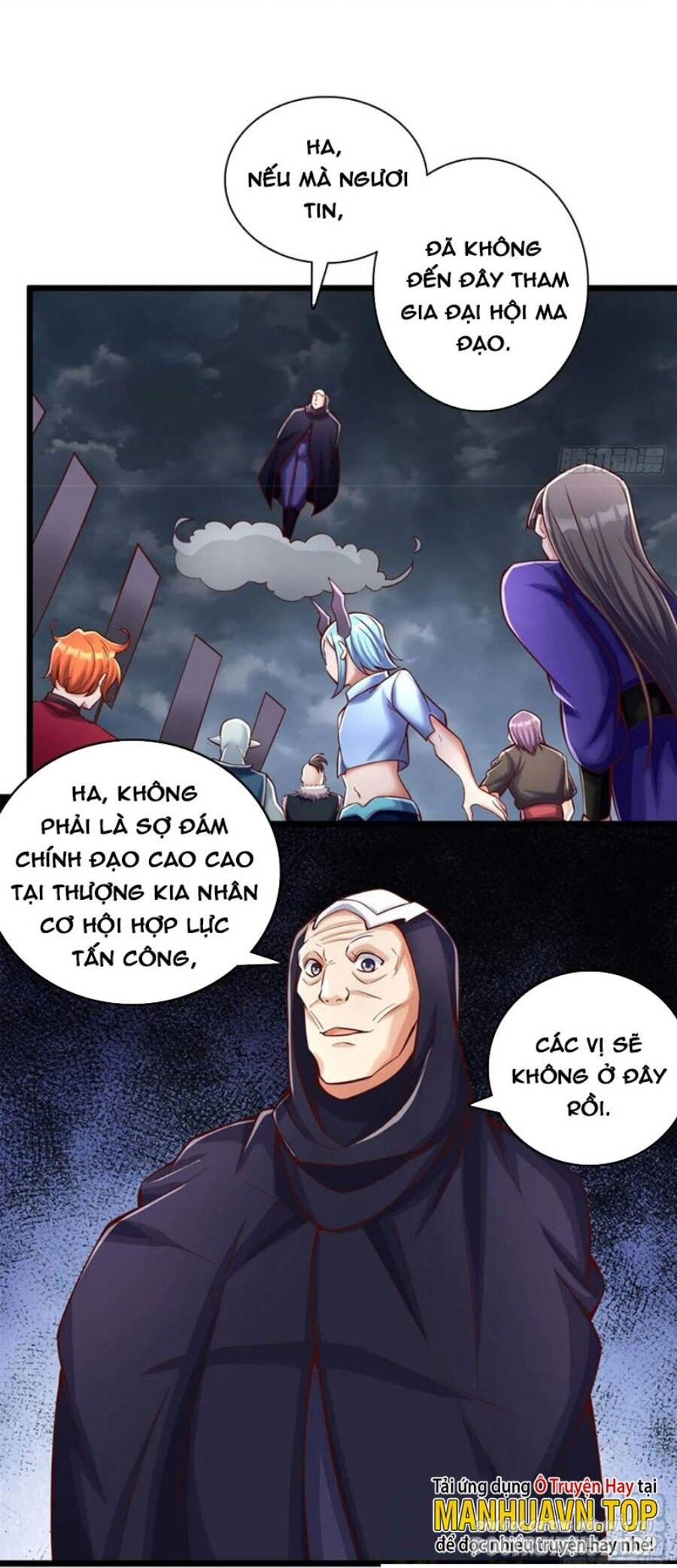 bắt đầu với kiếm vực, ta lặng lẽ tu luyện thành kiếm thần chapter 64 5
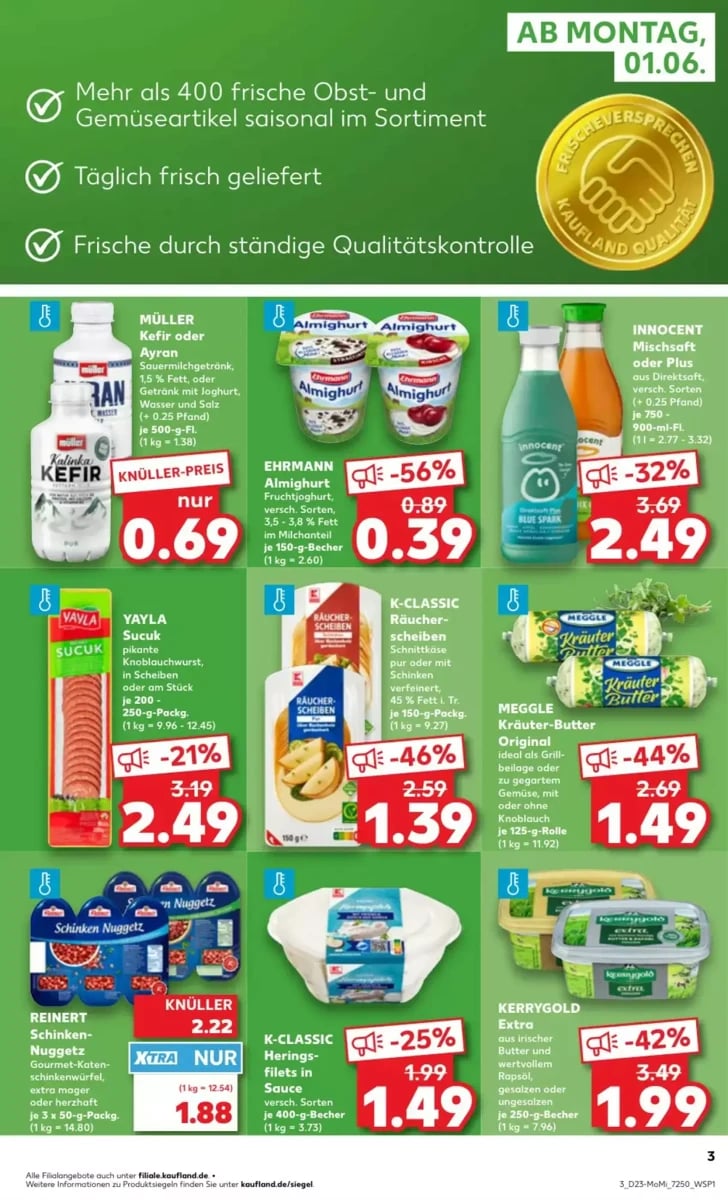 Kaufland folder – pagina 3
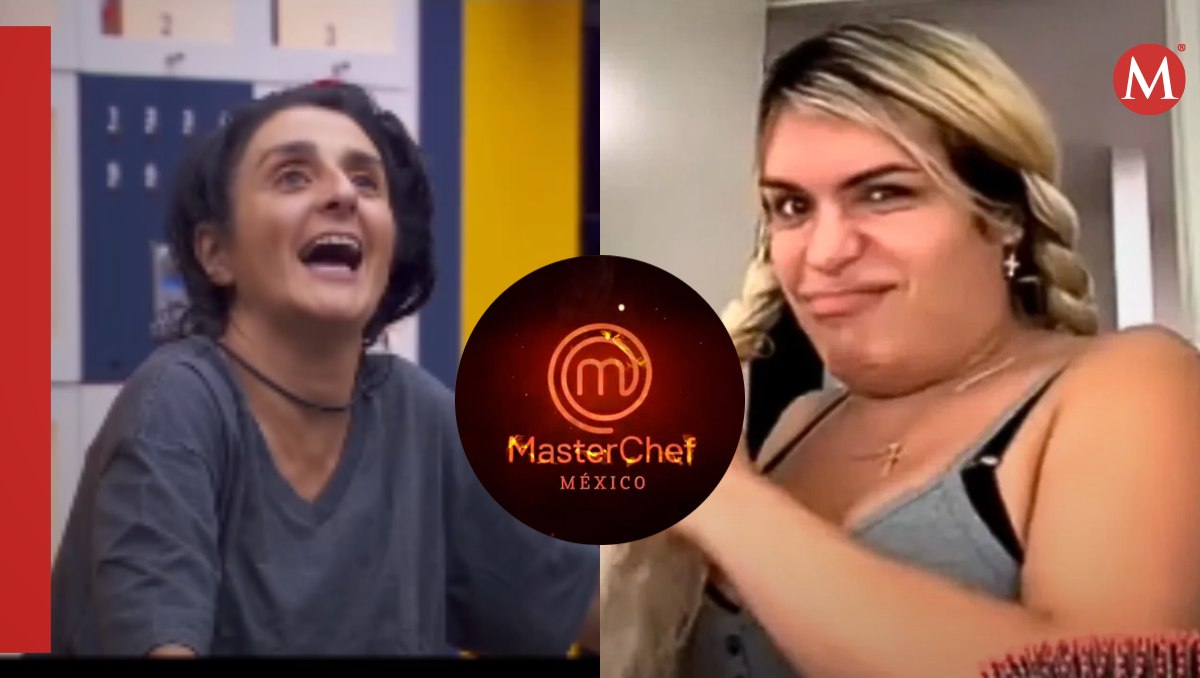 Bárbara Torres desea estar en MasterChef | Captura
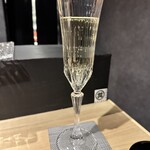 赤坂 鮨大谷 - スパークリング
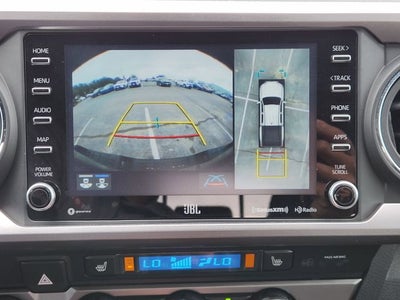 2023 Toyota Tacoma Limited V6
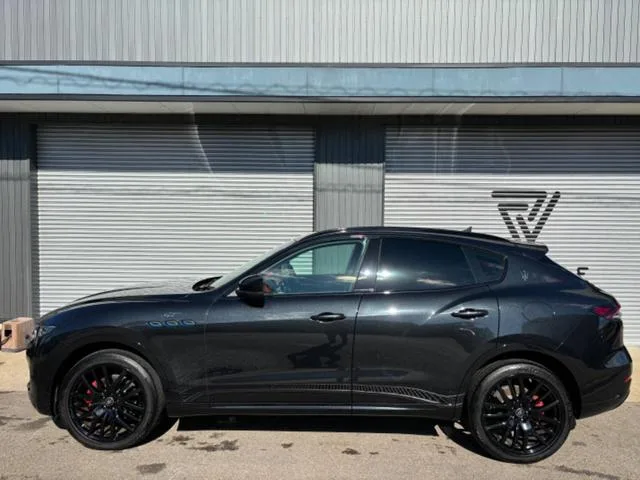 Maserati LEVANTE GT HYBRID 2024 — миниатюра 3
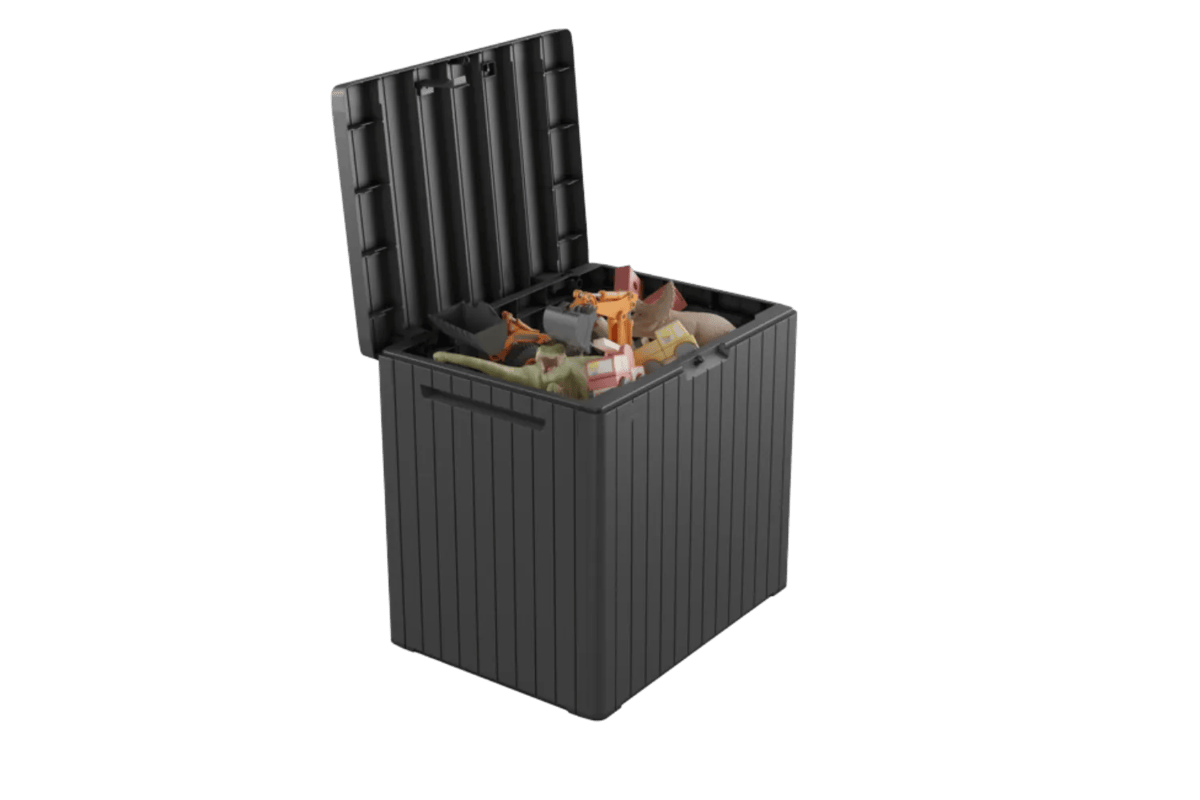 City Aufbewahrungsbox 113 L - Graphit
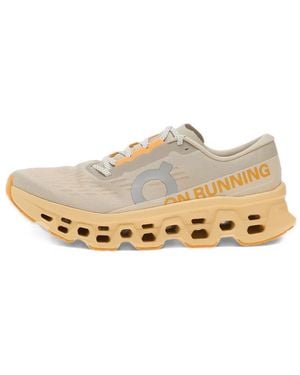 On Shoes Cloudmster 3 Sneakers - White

(Task brief) Copy the entries above verbatim. Pictures do not belong in the copy.

(Result for this exercise)
 bắt đầu với kiếm vực, ta lặng lẽ tu luyện thành kiếm thần chapter 64 5
 Kaufland folder – pagina 3
 Bárbara Torres desea estar en MasterChef | Captura
 赤坂 鮨大谷 - スパークリング
 2023 Toyota Tacoma Limited V6
 Maserati LEVANTE GT HYBRID 2024 — миниатюра 3
 City Aufbewahrungsbox 113 L - Graphit
 On Shoes Cloudmster 3 Sneakers - White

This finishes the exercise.